→ **TASK DETAILS**
The line with "72 in. x 80" marks where to begin; print it and all lines after it in the material below exactly, skipping pictures.

→ **MATERIAL TO PROCESS**
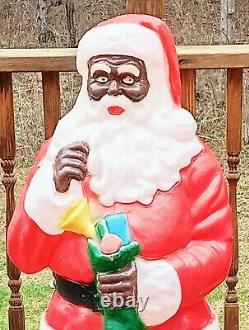 General Foam 41 African American Black Santa Claus Blow Mold Vintage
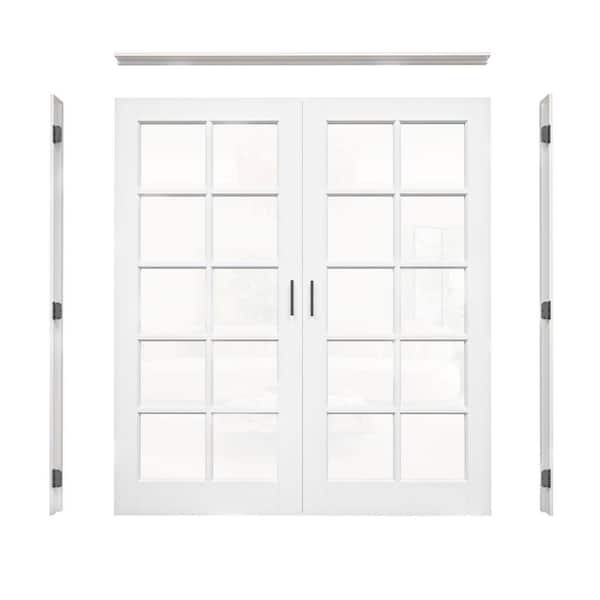 72 in. x 80 in. 10-Lite Clear Glass Universal White Solid Core Wood Double Prehung French Door+ Frame Set and Ball Catch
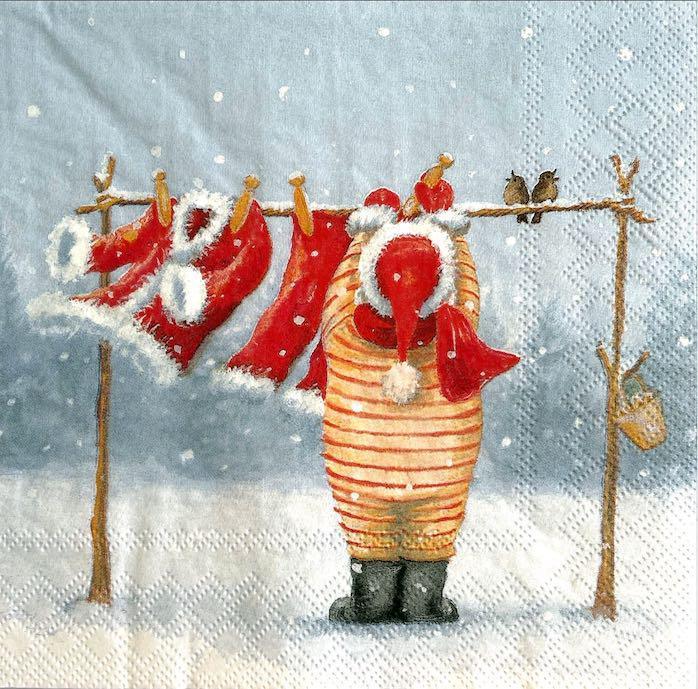 Tovagliolo di Natale con Babbo Natale e panni stesi arti e grafica busta 2 pz da 33x33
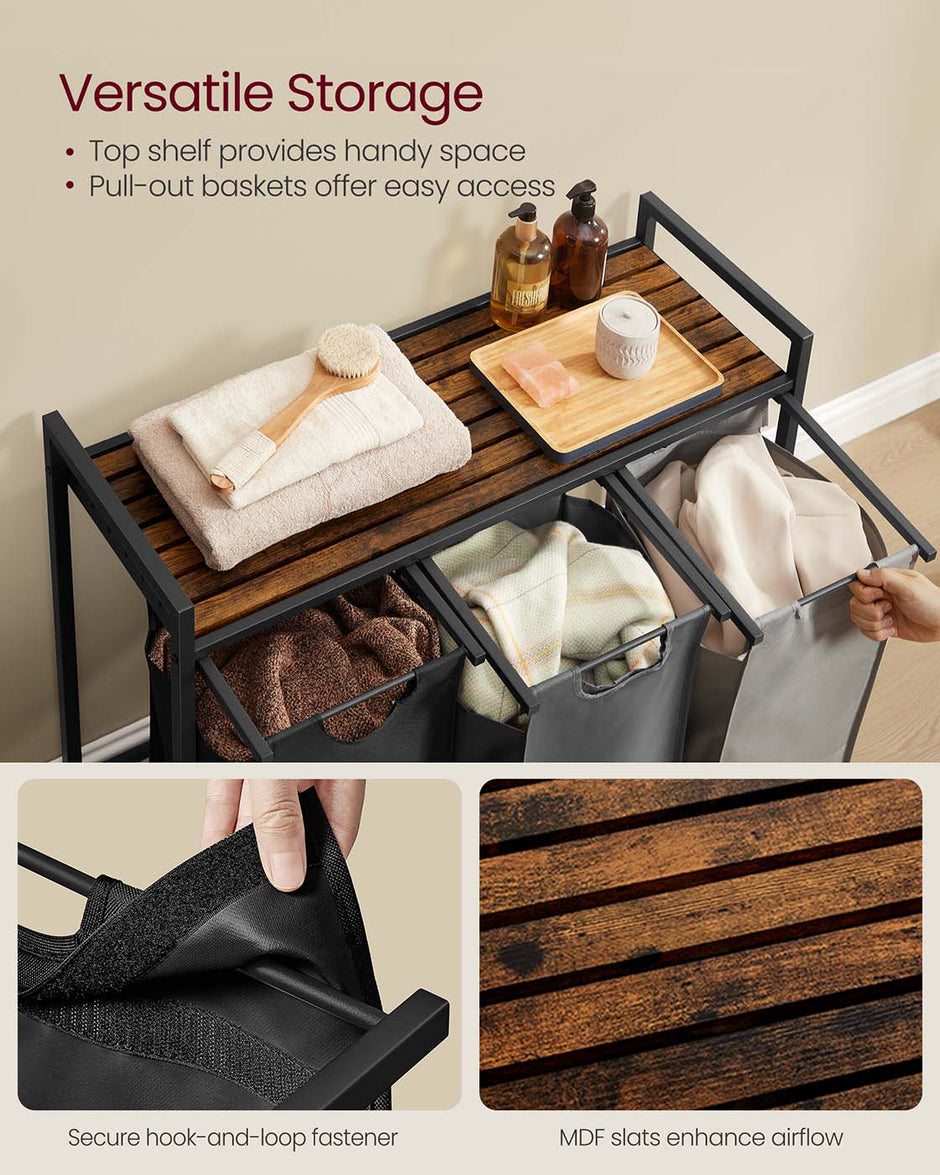 Laundry Basket – Wood and Fabric – Ink Black, Slate Gray, Dove Gray, Rustic White – 4-Compartment with Removable Bags and Storage Shelf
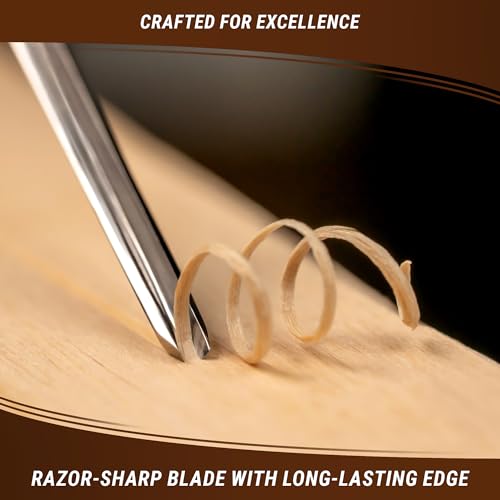 BeaverCraft Wood Carving Chisels, V Gouge - Whittling Hand Chisel K12/02 - Compact Gouges, Wood Carving Tools for Beginners and Professionals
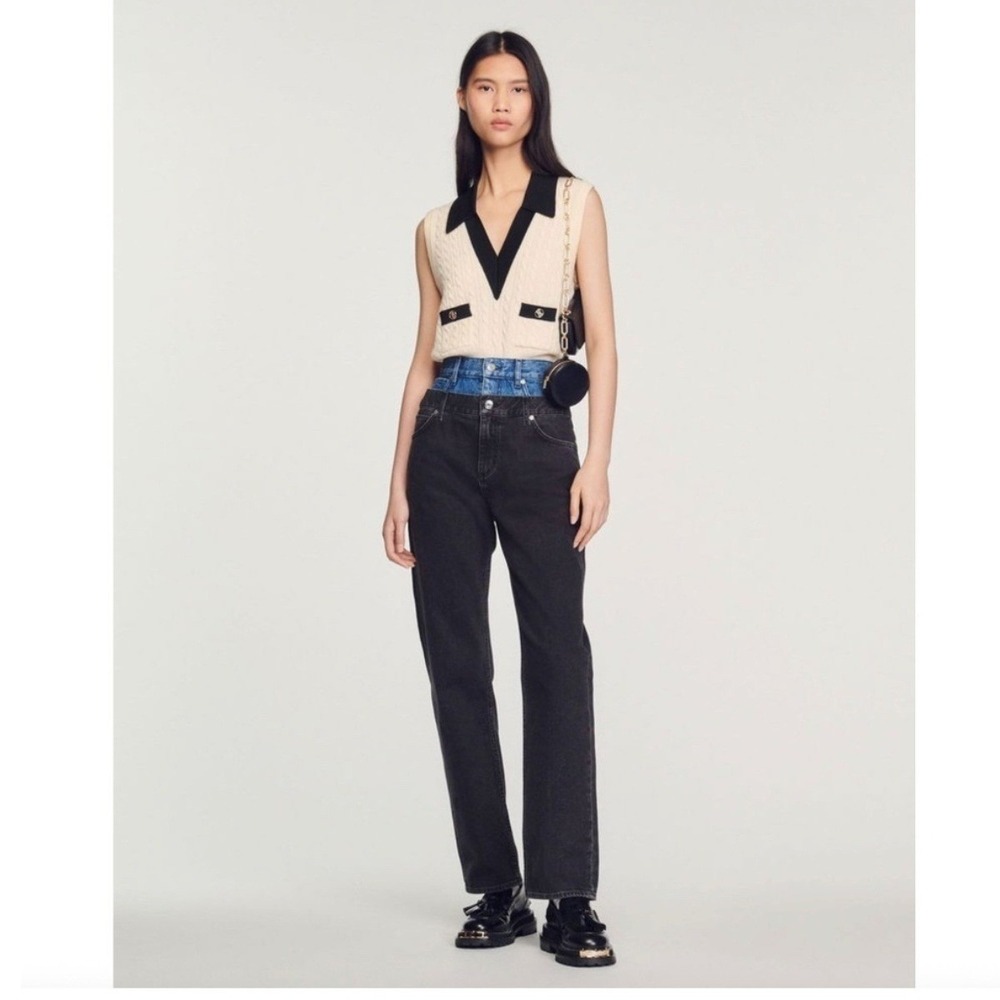 NWOT Sandro Two Tone Double Waisted Straight‎ Leg Jeans Black Blue Women 34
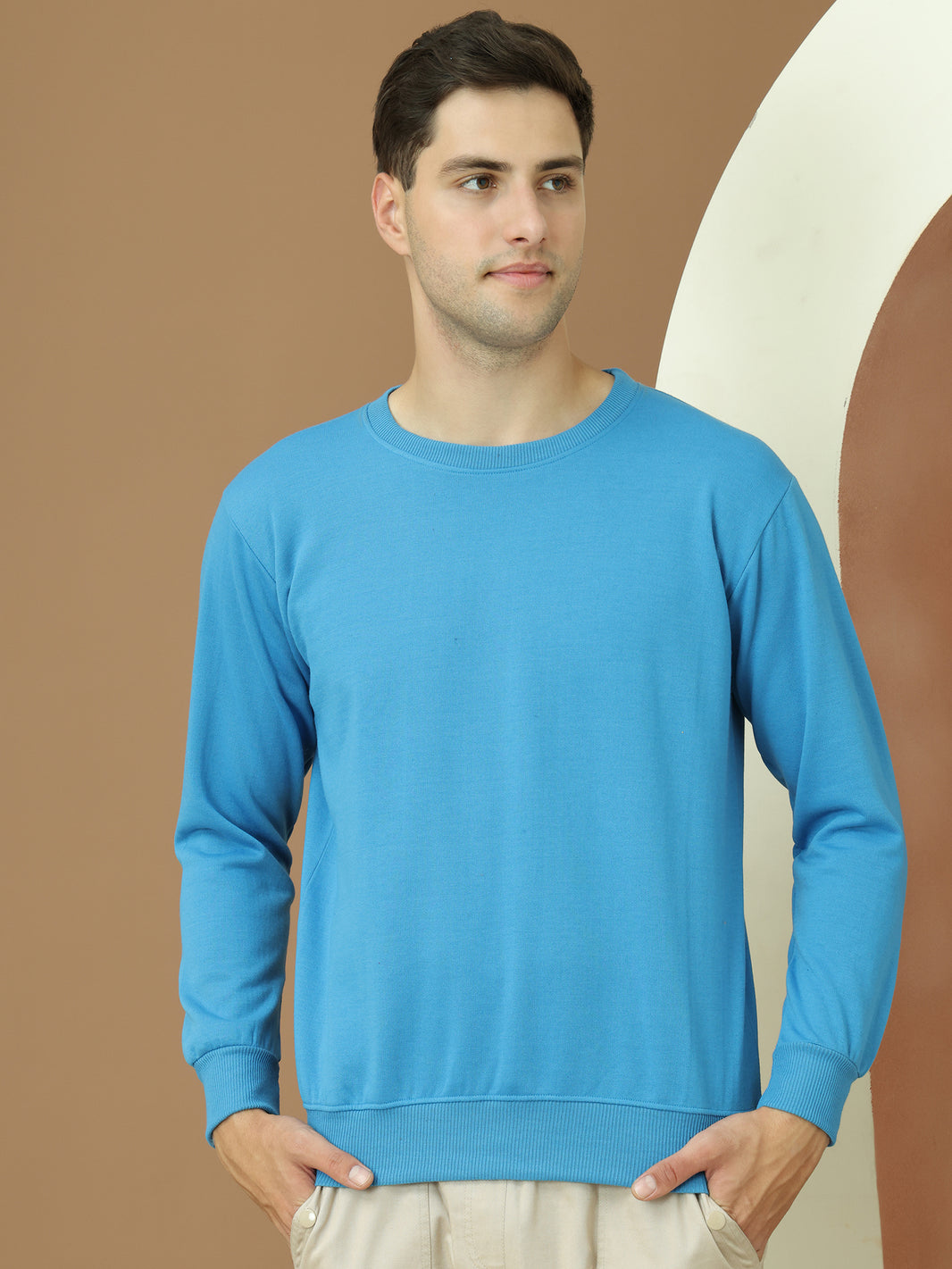 VimaL Jonney Regular Fit Blue Solid Sweatshirt For Men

→ **RESPONSE FOR THIS EXERCISE**
 72 in. x 80 in. 10-Lite Clear Glass Universal White Solid Core Wood Double Prehung French Door+ Frame Set and Ball Catch
 Tovagliolo di Natale con Babbo Natale e panni stesi arti e grafica busta 2 pz da 33x33
 Laundry Basket – Wood and Fabric – Ink Black, Slate Gray, Dove Gray, Rustic White – 4-Compartment with Removable Bags and Storage Shelf
 BeaverCraft Wood Carving Chisels, V Gouge - Whittling Hand Chisel K12/02 - Compact Gouges, Wood Carving Tools for Beginners and Professionals
 NWOT Sandro Two Tone Double Waisted Straight‎ Leg Jeans Black Blue Women 34
 VimaL Jonney Regular Fit Blue Solid Sweatshirt For Men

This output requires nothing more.